Published:  April, 2009

Did You Know? (Nutt/Dukes Part 2)

By the time Uniontown’s most famous murder trial opened in March of 1883, the names of the principals, Capt. Adam Clark Nutt (the victim) and Nicolas Lyman Dukes (the alleged perpetrator), were so familiar to the nation’s newspaper readers – articles about the trial frequently appeared without their first names.

In fact, Uniontown would frequently appear without any mention of the state in which it resides. That was then. Today, I’m submitting a bit of a refresher.

The day before Christmas in 1882, the Cashier of the State of Pennsylvania, A.C. Nutt, went to the Jennings Hotel in downtown Uniontown, to confront state legislator-elect – N.L. Dukes. Dukes had sent letters to Nutt claiming that Nutt’s teenaged daughter, Lizzie, was not worthy of his hand in marriage because of her promiscuity.

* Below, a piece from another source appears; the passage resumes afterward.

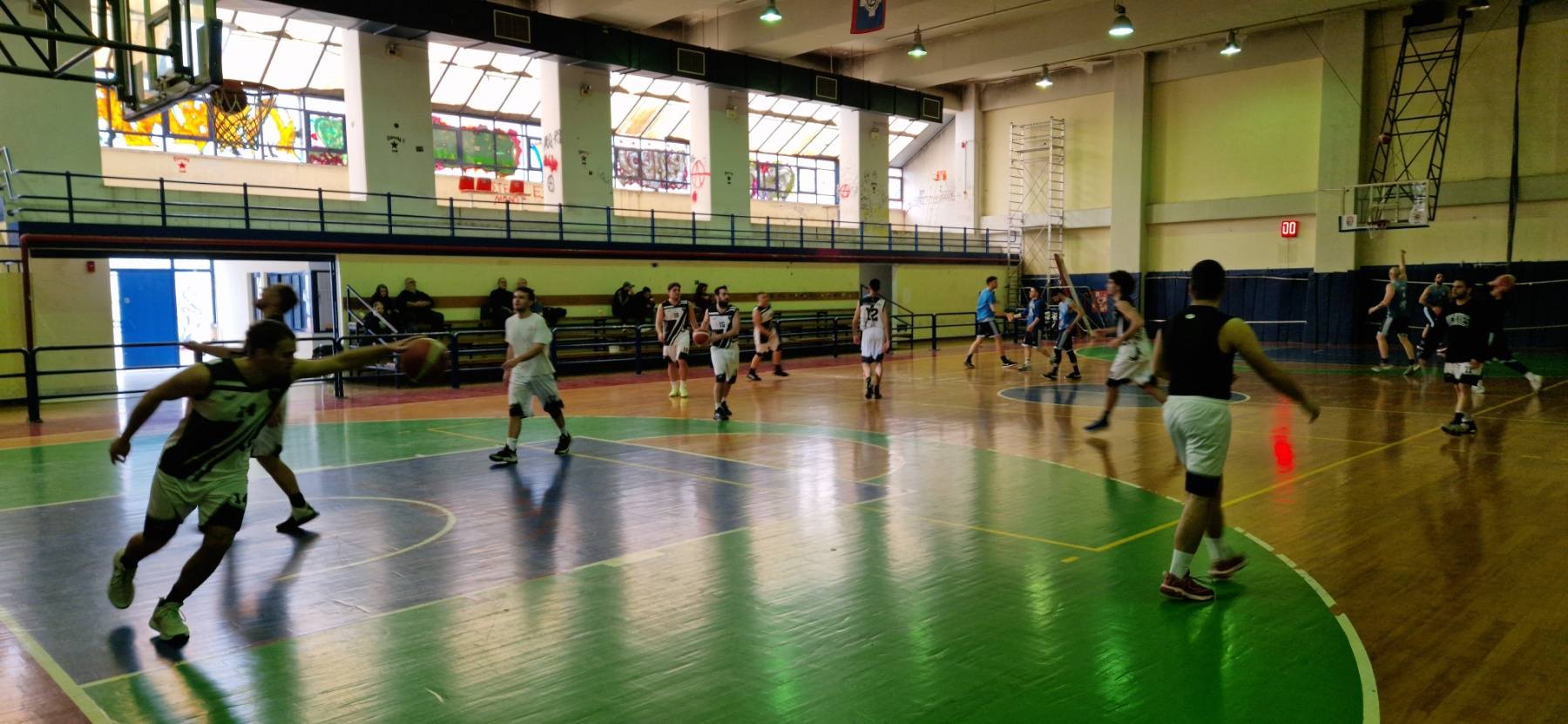 Α.Ο. ΚΥΨΕΛΗΣ - ΝΗΡΕΑΣ   58-77  23/03/2025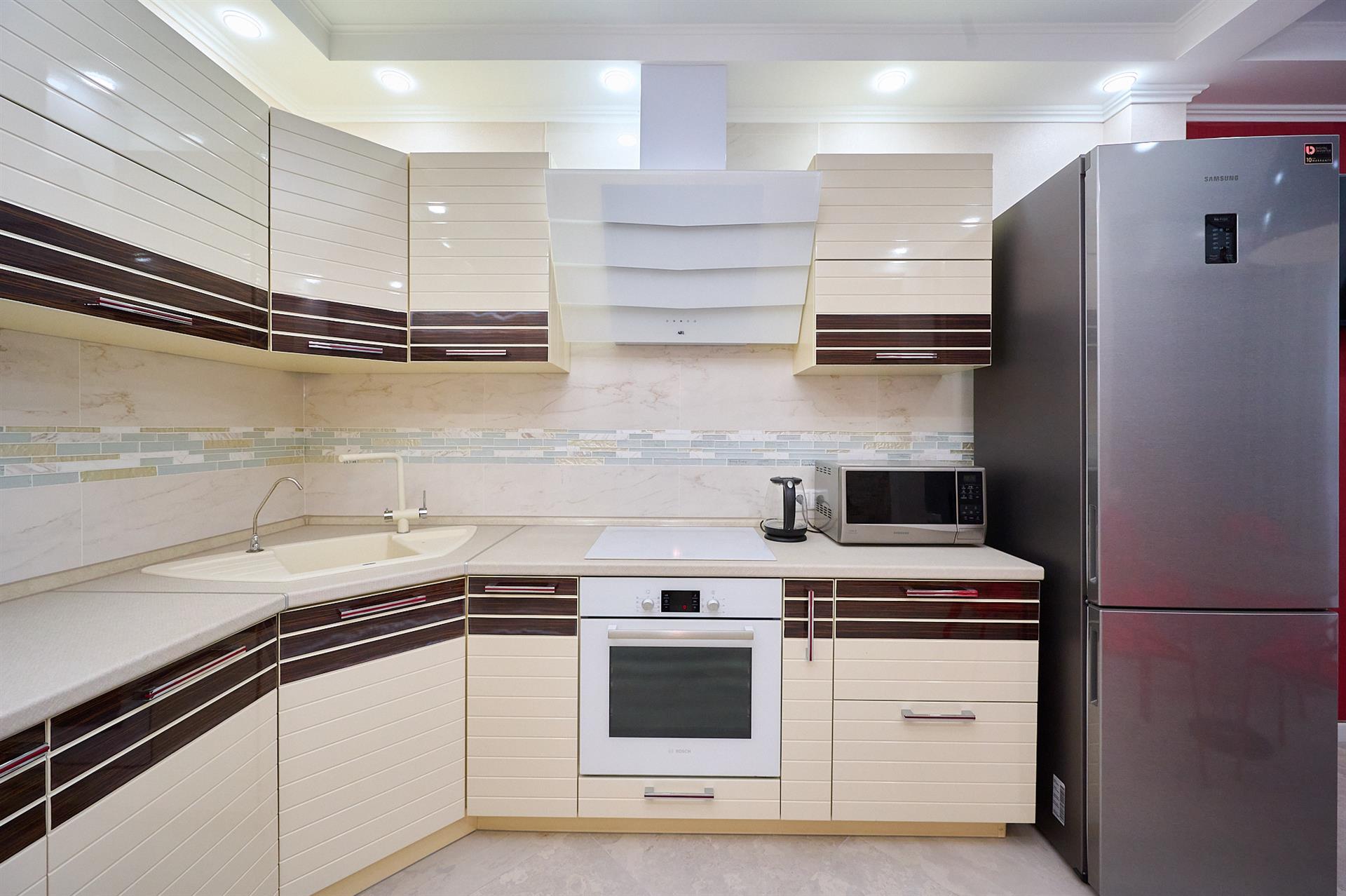 Фото №3: 1-комнатная квартира 45 м² - Краснодар, Центральный внутригородской округ, Центральный, мкр. ЖК Большой, ул. Красная, 176лит4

Dukes shot and killed Nutt that day. The community immediately took the side of Nutt, his daughter – and their honor. According to the March 12th edition of the Oshkosh (Wis.) Northwestern, the first prosecution witnesses claimed, despite some sort of a scuffle that had taken place, Nutt wasn’t taking any aggressive actions when he was shot. That he was exhausted and breathing heavily, but that he was “was making no movement of any kind.”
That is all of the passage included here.